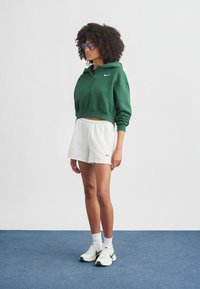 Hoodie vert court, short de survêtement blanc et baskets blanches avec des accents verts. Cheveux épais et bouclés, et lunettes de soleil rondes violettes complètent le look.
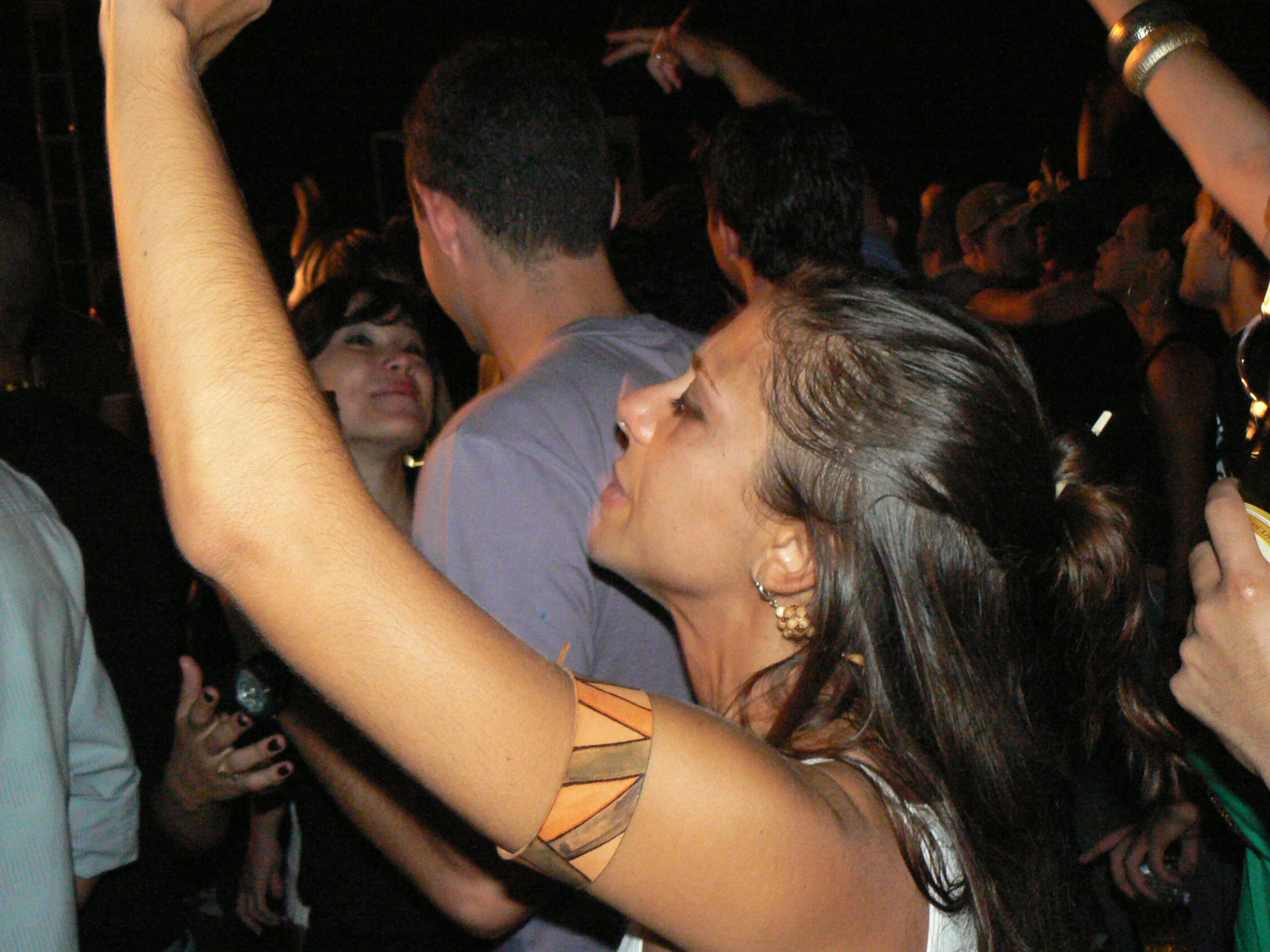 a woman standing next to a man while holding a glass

--

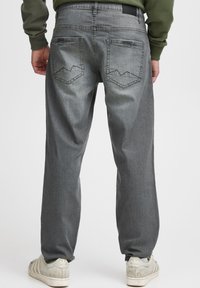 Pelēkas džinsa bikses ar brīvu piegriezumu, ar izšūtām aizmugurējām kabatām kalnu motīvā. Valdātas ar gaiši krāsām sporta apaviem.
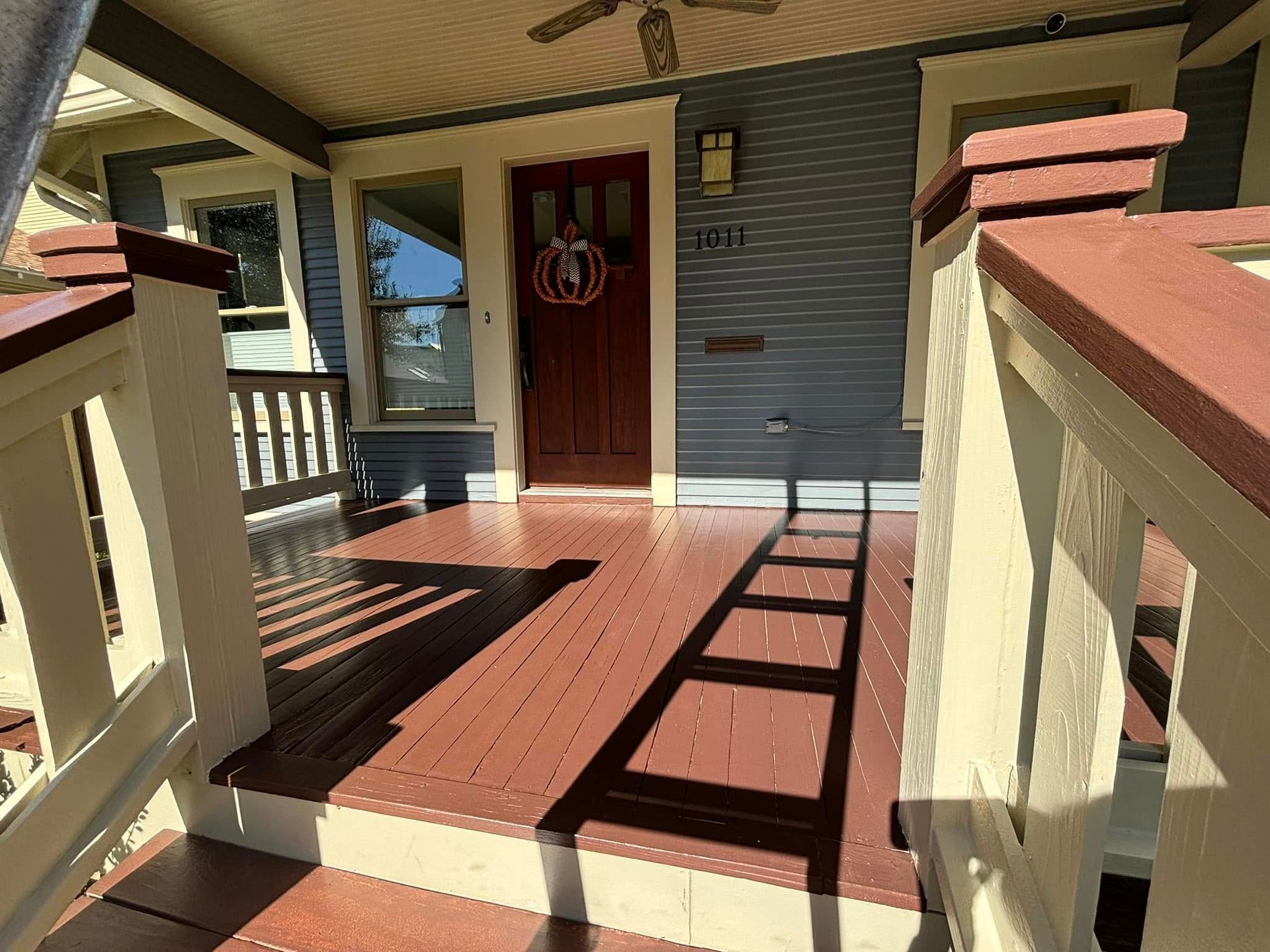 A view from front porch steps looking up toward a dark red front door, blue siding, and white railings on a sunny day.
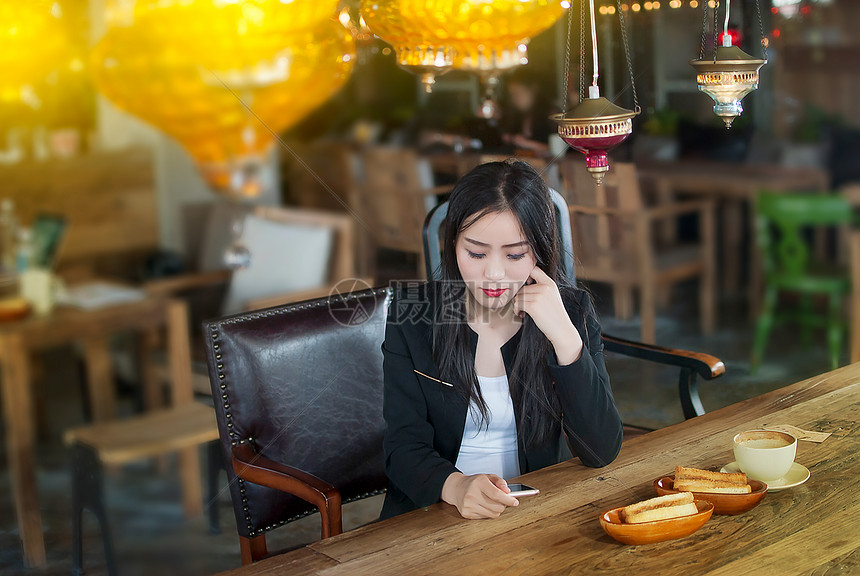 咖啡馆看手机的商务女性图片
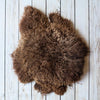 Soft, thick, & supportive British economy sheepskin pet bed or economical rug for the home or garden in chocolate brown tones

==

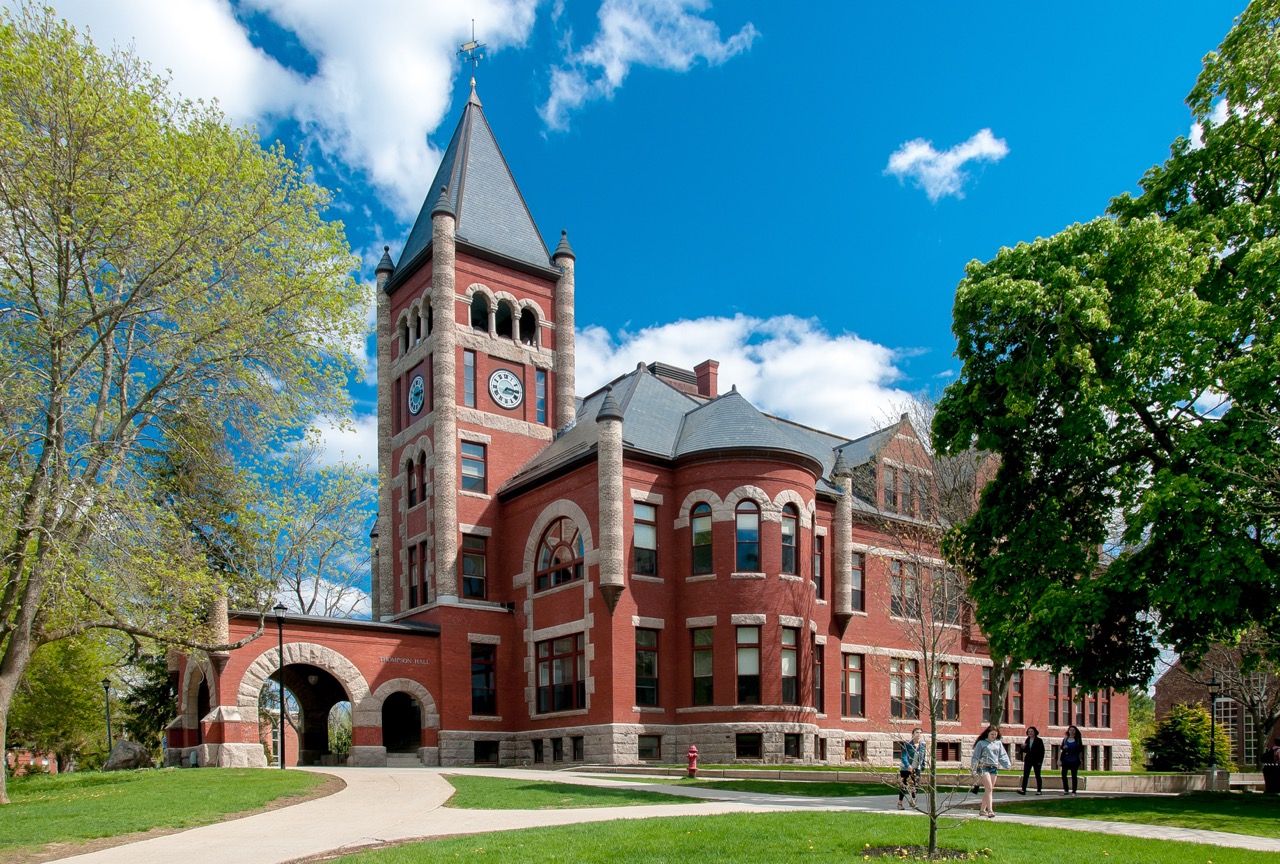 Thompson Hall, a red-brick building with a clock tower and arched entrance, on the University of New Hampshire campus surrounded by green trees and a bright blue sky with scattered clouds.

__Instructions to follow__.
From the data above, return exactly the lines from the one with "Pelēkas džinsa bikses" up to and including the one with "Soft, thick, &". Pictures do not go in the copy.

__Problem solution__.
 Pelēkas džinsa bikses ar brīvu piegriezumu, ar izšūtām aizmugurējām kabatām kalnu motīvā. Valdātas ar gaiši krāsām sporta apaviem.
 A view from front porch steps looking up toward a dark red front door, blue siding, and white railings on a sunny day.
 咖啡馆看手机的商务女性图片
 Soft, thick, & supportive British economy sheepskin pet bed or economical rug for the home or garden in chocolate brown tones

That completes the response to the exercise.